▸ Problem description
Output word for word the lines from the one with "Funkelnd Rose Gold" to the final line of the data, both ends included, but skip the pictures.

(Data for this exercise Opens)

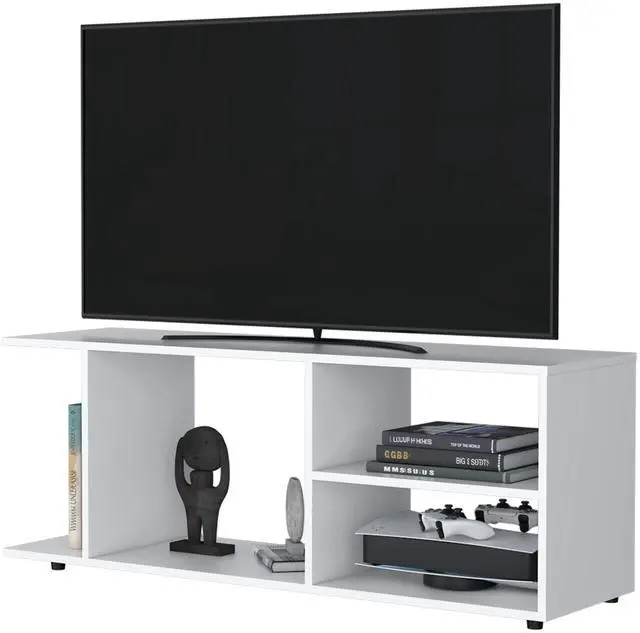 Alt view image 4 of 7 - Tubac TV Rack in Melamine with Open Storage, White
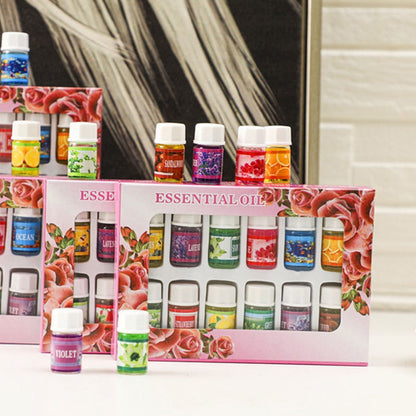 12 pcs Essential Oil Set for diffuser, humidifier, Aromatherapy Scents: Lavender Violet Green Tea Rose Sandal wood Snow Lotus Jasmine Orange Ocean Lemon Osmanthus Strawberry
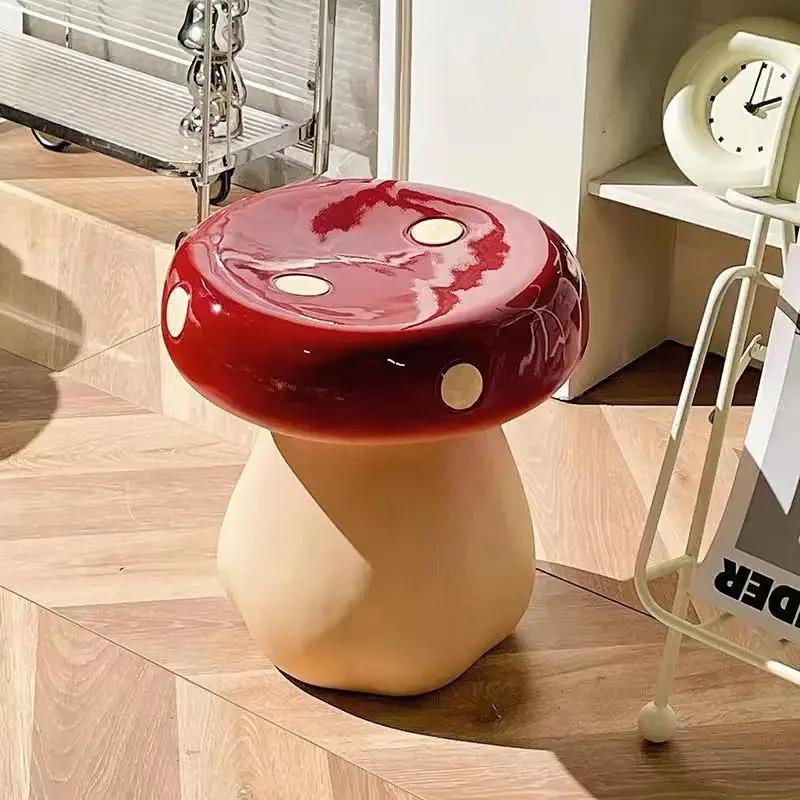 Modern Simple Mushroom Cartoon Shape Stool Floor Decoration Gift Home Bedroom Living Room Shoes Replace Stool Ottomans Furniture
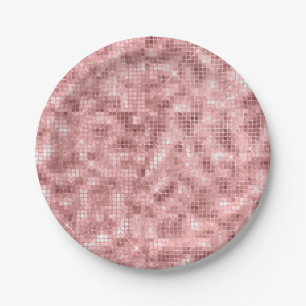 Funkelnd Rose Gold Pink Luxus Sparkle Girl Party Pappteller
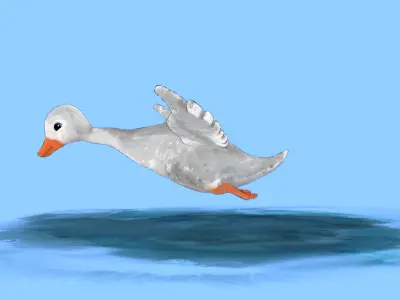 Swan Watercolor Rigged 3D model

(Data for this exercise Closes)

▸ Exercise solution
 Funkelnd Rose Gold Pink Luxus Sparkle Girl Party Pappteller
 Swan Watercolor Rigged 3D model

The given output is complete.